*** Opening of DATA RECORDS ***

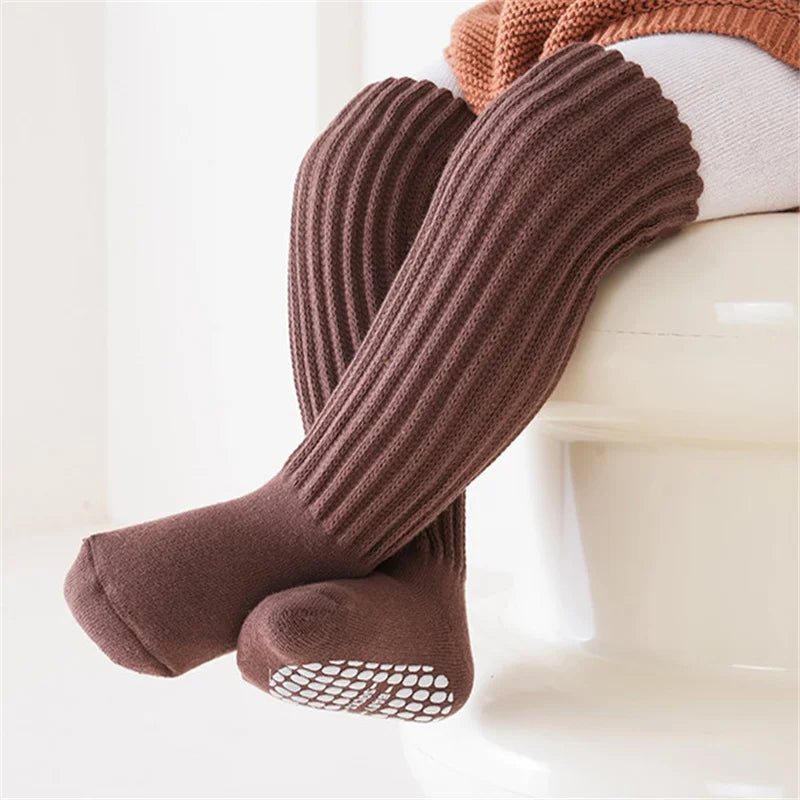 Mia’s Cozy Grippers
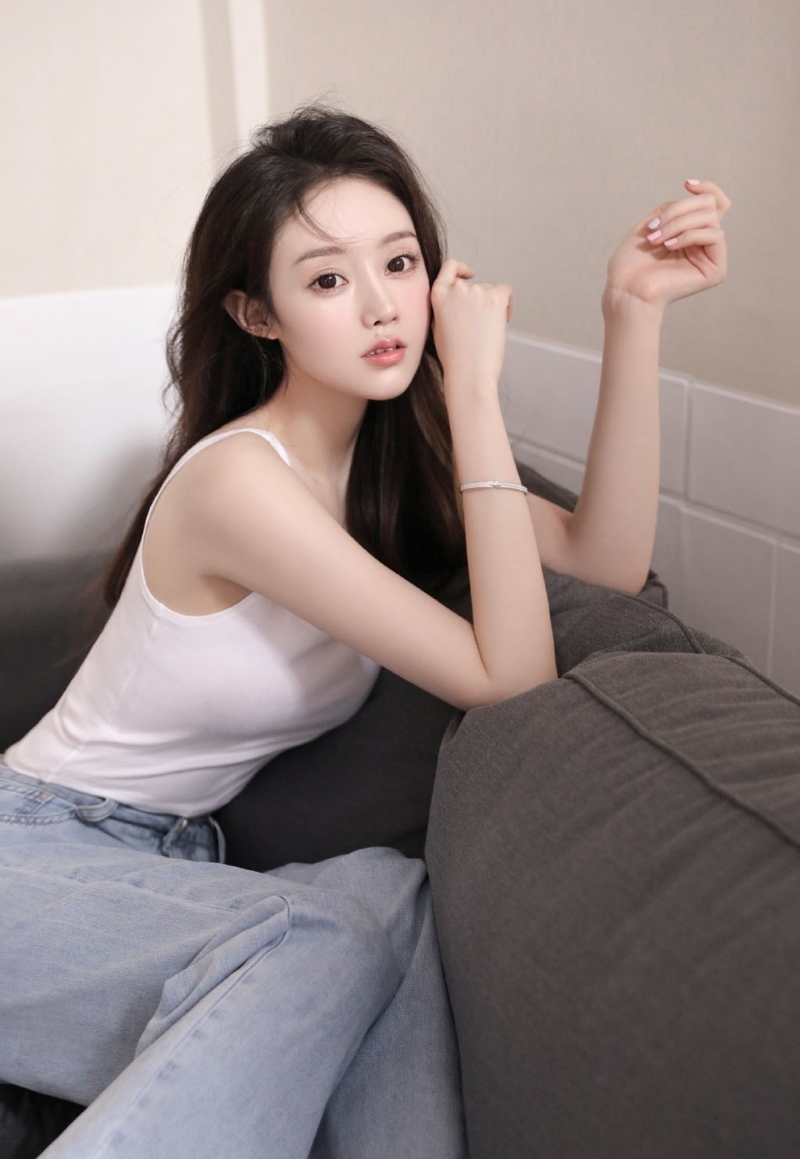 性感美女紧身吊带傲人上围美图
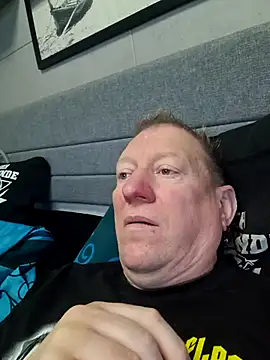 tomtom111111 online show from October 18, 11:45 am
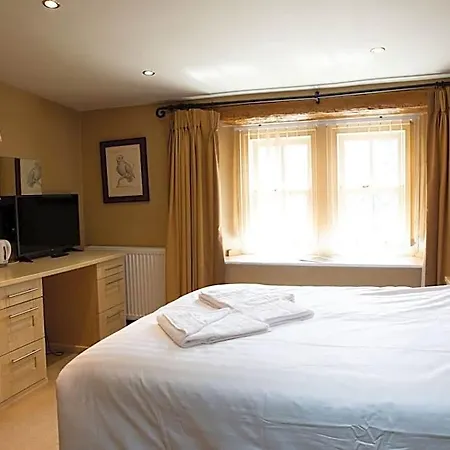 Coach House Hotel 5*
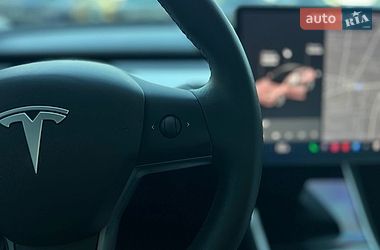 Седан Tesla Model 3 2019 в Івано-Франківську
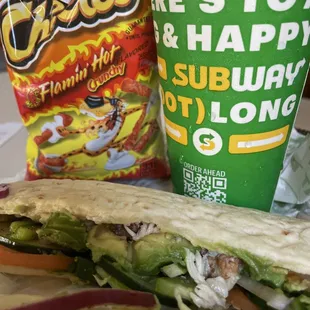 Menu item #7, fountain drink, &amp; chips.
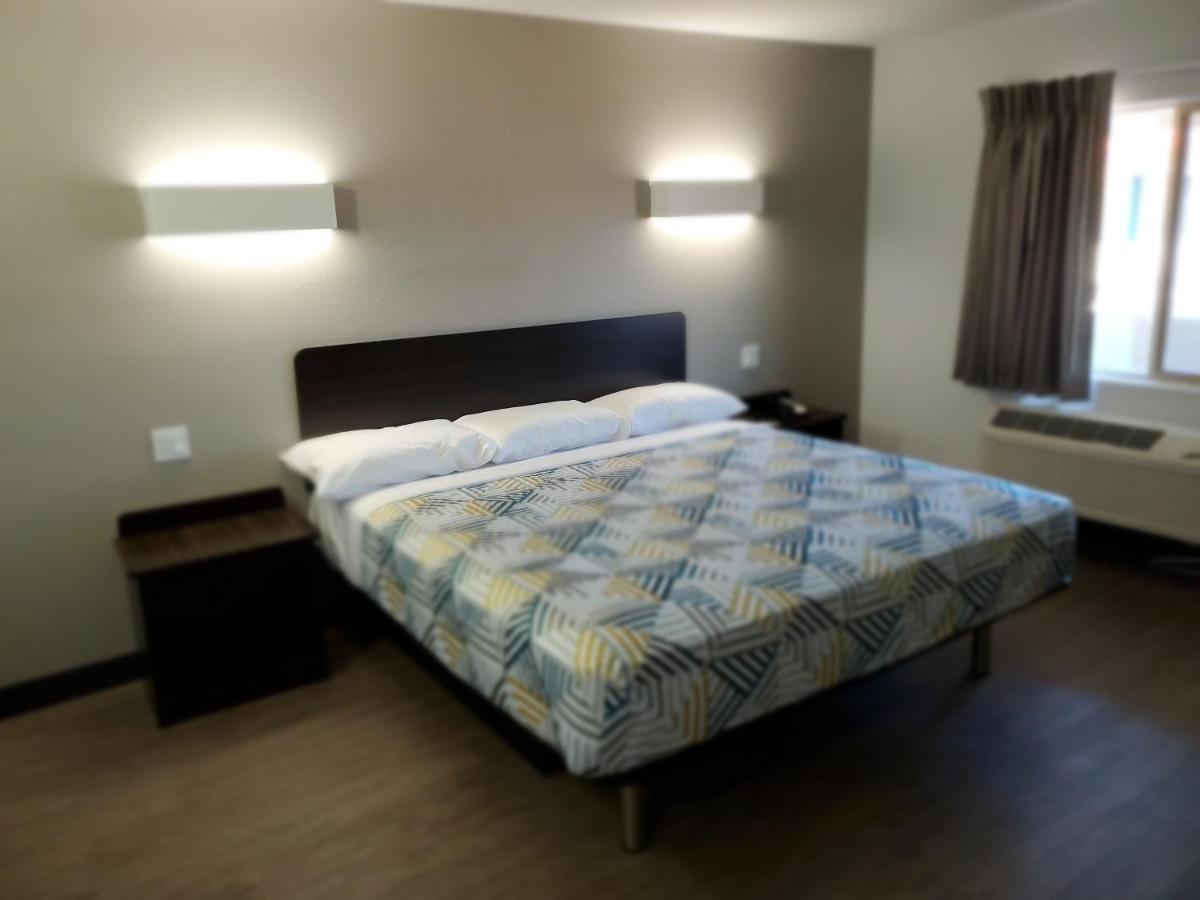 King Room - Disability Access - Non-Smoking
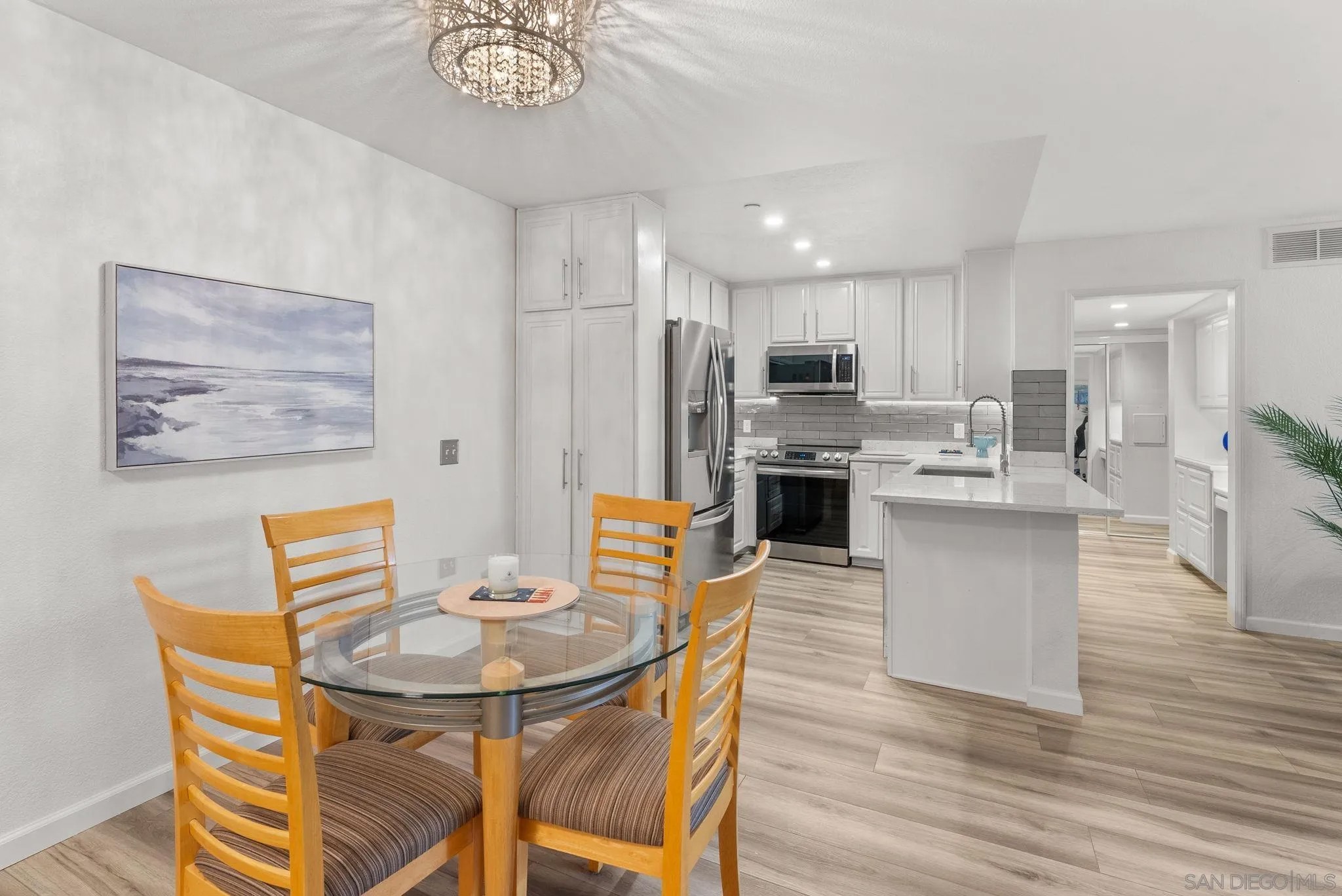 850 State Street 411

*** Close of DATA RECORDS ***

TO DO
What is needed here is an exact copy of every record, with the pictures left out.

OUTPUT FOR THIS TASK
 Mia’s Cozy Grippers
 性感美女紧身吊带傲人上围美图
 tomtom111111 online show from October 18, 11:45 am
 Coach House Hotel 5*
 Седан Tesla Model 3 2019 в Івано-Франківську
 Menu item #7, fountain drink, &amp; chips.
 King Room - Disability Access - Non-Smoking
 850 State Street 411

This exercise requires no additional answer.